[v7,0/3] batman-adv: increase DAT DHT timeout

Message ID 20241130005942.24497-1-linus.luessing@c0d3.blue (mailing list archive)
Headers
Series batman-adv: increase DAT DHT timeout |

Message

Linus Lüssing Nov. 29, 2024, 11:46 p.m. UTC
  This patchset increases the DAT DHT timeout to reduce the amount 
of broadcasted ARP Replies.

To increase the timeout only for DAT DHT entries added via DHT-PUT but
not for any other entry in the DAT cache the DAT cache and DAT DHT
concepts are split into two separate hash tables (PATCH 2/3).

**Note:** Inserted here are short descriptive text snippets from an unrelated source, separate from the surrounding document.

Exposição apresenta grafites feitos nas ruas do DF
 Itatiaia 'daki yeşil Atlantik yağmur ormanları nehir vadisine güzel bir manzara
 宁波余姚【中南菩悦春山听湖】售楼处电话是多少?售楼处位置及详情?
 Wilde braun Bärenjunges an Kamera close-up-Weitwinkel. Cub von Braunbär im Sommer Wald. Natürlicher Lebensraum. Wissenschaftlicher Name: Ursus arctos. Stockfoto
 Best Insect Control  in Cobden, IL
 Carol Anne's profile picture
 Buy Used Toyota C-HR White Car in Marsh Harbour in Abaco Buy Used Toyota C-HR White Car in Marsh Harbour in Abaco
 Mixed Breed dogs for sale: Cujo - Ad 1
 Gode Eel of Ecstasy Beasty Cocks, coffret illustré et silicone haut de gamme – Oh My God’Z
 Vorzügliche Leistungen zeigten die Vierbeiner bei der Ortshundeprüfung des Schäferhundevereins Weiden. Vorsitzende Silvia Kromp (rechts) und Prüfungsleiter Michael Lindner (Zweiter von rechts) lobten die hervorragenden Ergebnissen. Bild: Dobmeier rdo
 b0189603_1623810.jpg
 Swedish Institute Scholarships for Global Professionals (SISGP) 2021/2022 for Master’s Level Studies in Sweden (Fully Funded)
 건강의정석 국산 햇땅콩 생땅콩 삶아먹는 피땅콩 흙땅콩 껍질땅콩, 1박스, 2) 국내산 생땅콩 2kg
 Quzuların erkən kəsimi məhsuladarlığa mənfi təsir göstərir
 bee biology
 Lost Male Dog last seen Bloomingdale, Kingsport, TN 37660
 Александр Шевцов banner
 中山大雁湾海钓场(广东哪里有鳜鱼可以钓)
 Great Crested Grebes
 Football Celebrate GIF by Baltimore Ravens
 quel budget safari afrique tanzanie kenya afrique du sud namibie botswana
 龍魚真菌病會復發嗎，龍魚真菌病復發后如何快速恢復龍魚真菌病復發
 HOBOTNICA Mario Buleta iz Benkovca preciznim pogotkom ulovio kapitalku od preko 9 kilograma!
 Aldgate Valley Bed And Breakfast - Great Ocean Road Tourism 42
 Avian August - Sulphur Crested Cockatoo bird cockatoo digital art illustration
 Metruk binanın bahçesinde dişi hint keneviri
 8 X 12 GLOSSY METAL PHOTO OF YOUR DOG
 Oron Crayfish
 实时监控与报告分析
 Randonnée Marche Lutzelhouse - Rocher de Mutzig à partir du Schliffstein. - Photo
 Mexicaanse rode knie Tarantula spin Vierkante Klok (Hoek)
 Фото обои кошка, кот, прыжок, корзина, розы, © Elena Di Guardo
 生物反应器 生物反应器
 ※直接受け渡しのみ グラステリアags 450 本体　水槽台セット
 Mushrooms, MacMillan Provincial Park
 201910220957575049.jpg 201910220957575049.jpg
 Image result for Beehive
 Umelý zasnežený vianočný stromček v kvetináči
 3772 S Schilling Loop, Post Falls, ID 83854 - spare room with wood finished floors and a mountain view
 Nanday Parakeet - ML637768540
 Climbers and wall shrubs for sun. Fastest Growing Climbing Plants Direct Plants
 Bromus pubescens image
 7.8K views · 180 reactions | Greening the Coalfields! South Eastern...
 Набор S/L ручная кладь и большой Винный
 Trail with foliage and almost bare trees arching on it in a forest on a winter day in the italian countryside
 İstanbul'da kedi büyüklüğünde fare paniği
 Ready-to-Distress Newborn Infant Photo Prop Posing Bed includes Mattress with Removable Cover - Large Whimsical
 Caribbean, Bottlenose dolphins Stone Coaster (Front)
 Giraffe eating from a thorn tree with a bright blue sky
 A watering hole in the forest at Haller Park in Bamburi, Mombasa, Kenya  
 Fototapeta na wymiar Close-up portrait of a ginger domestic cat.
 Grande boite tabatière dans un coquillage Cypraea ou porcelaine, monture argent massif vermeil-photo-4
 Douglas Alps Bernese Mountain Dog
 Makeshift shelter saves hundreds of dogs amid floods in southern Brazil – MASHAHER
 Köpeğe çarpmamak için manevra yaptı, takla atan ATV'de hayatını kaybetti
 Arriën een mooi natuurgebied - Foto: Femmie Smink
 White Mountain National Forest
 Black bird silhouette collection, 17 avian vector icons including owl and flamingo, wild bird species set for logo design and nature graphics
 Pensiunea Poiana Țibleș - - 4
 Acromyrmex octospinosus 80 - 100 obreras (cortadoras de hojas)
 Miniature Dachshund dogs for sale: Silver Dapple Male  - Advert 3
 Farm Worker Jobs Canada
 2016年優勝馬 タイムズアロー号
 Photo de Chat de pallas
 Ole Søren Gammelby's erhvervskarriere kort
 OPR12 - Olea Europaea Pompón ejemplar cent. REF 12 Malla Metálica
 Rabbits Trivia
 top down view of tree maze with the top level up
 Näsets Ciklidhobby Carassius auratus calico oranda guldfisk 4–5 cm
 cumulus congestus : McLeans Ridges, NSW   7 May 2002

PATCH 3/3 then increases the timeout for DAT DHT entries from 5 to
30 minutes.


The motivation for this patchset is based on the observations made here:
https://www.open-mesh.org/projects/batman-adv/wiki/DAT_DHCP_Snooping


In tests this year at Freifunk Lübeck with ~180 mesh nodes and Gluon
this reduced the ARP broadcast overhead, measured over 7 days, as
follows:

- Total:           6677.66 bits/s -> 677.26 bits/s => -89.86%
                   11.92 pkts/s   -> 1.21 pkts/s   => -89.85%

  - from gateways: 5618.02 bits/s -> 212.28        => -96.22%
                   10.03 pkts/s   -> 0.38 pkts/s   => -96.21%

Also see graphics and a few more test details here:
- https://www.open-mesh.org/projects/batman-adv/wiki/DAT_DHCP_Snooping#Result-2

These patches (v5) have been applied in this mesh network without issues
for 3 months now.

Regards,
Linus

---

Changelog v7:
- adding PATCH 1/3 to add the batadv_netlink_get_softif() wrapper to
  reduce the amount of duplicate code, both in the current code base
  but also for the next PATCH 2/3

Changelog v6:
- removed renaming+deprecation of BATADV_P_DAT_CACHE_REPLY in PATCH 1/2
- small commit message rewording in PATCH 1/2

Changelog v5:
- rebased to current main branch
  -> removed now obsolete debugfs code

Changelog v4:
- rebased to: acfc9a214d01695
  ("batman-adv: genetlink: make policy common to family")

Changelog v3:

formerly:
 "batman-adv: Increase purge timeout on DAT DHT candidates"
 https://patchwork.open-mesh.org/patch/17728/
- fixed the potential jiffies overflow and jiffies initialization
  issues by replacing the last_dht_update timeout variable with
  a split of DAT cache and DAT DHT into two separate hash tables
  -> instead of maintaining two timeouts in one DAT entry two DAT
     entries are created and maintained in their respective DAT
     cache and DAT DHT hash tables

Changelog v2:

formerly:
 "batman-adv: Increase DHCP snooped DAT entry purge timeout in DHT"
 (https://patchwork.open-mesh.org/patch/17364/)
- removed the extended timeouts flag in the DHT-PUT messages introduced
  in v1 again
- removed DHCP dependency